Oh, my back…. Anyway, after that exercise, I was really liking the comparatively slim Lore S speakers, which proved pleasantly easy to move and position. In fact, that’s an excellent point. Why don’t more speakers I listen to conform to a more lower-back-friendly design, I wonder? Blah blah blah, heavy magnets, big drivers, inert cabinets, blah blahditty blah. Yes, fine, I hear you. But all I know is that no one is going to be crushed to death underneath a Lore S, and for that, I (speaking for my back) was grateful.

I really need to learn to love smaller speakers. Really really really. I am such a wuss.

If you find the fit and finish of the speakers in the pictures to be a bit on the utilitarian side of things, which I think is about what you should expect for this price point, you certainly can spring for the optional veneer and sail easily into WAF-appealing territory. I wouldn’t bother unless they’re going into your living room or you happen to be a vain little beotch. My demo pair, with their basic black, look fine, if plain. Your call, of course. Beotch.

The Lore S is a front-ported design, so placement should be less fussy than the bigger, rear-ported Pendragons, but that doesn’t mean they should be jammed up against the wall. Sound stage is bigger and more precise out in the room and the bass reinforcement does need a bit of space to develop.

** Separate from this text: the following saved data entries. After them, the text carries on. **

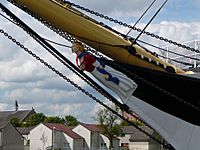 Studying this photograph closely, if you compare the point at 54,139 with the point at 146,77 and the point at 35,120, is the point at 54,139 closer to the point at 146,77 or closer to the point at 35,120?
the point at 35,120

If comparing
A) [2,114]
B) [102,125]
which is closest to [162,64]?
[102,125]

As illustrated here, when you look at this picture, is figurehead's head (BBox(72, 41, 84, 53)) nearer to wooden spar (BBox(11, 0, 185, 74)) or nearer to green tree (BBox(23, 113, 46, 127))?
wooden spar (BBox(11, 0, 185, 74))

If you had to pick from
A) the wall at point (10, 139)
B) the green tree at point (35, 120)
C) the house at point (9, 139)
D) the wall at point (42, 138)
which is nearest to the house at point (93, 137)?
the wall at point (42, 138)

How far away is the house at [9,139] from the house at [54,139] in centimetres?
331

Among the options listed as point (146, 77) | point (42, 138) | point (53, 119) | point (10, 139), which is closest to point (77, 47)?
point (146, 77)

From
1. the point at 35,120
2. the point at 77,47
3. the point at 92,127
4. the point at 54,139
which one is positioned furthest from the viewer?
the point at 35,120

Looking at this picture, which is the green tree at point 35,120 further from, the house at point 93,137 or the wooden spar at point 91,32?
the wooden spar at point 91,32

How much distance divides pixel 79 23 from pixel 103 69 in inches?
25.5

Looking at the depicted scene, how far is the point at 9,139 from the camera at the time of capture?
237 feet

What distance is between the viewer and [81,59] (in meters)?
7.11

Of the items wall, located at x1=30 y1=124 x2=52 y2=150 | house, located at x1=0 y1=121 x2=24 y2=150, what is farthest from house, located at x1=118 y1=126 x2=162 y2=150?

I put them more or less where their big brothers, the Pendragons, went — about 4′ off the back wall and about 8′ apart (tweeter to tweeter).

One thing the astute will probably notice off the bat is that these speakers are something of a departure from the rest of the Tekton lineup, at least the part that I’m familiar with, moving away from the big Eminence drivers and incorporating a swanky 8″ Nextel driver, which comes from SEAS’ Excel lineup, which is mated to a a 3/4″ SEAS aluminum-dome tweeter instead of a fabric dome.

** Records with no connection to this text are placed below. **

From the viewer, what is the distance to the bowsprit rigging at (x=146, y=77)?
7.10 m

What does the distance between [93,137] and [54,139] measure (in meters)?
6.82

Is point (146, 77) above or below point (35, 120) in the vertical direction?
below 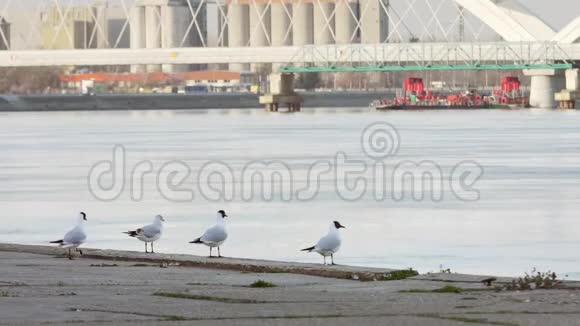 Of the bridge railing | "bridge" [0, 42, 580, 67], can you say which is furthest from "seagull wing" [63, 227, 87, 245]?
"bridge" [0, 42, 580, 67]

Like the Pendragons, the Lore S needed only about an hour out of the box and on the juice before the sound unfolded and began to show it’s color. Oh, and before you start jumping up and down about the hazards of early opinions, these are demos — they are fully broken in. Take that!

The result? Well, in this dude’s opinion, the Lore S sounds … well … great. Yep, sure does!

Hmm. Wait. Is that a letdown? Not a large enough pile of a superlatives? Do we need to gild the lily? Well, we could probably hang some more adjectives off the trunk of that particular tree without getting into too much trouble, so lets do some of that.

I think the Lore S is a lovely sounding little speaker. It just has a “little something” that all adds up to a step up in sound quality in some very meaningful ways over the Pendragon. How so? Well, to pick one that comes to mind, how about the phrase “clear as a bell”, emphasis on ‘clear’. Okay, that’s close, but still not it exactly. Let me reach and try again … it’s as if the Lore S speakers disappear a bit more. Ring and shimmer are a bit more pure and decays last longer before fading. They’re cleaner sounding. More crisp. Less smooth. More “hi-fi”.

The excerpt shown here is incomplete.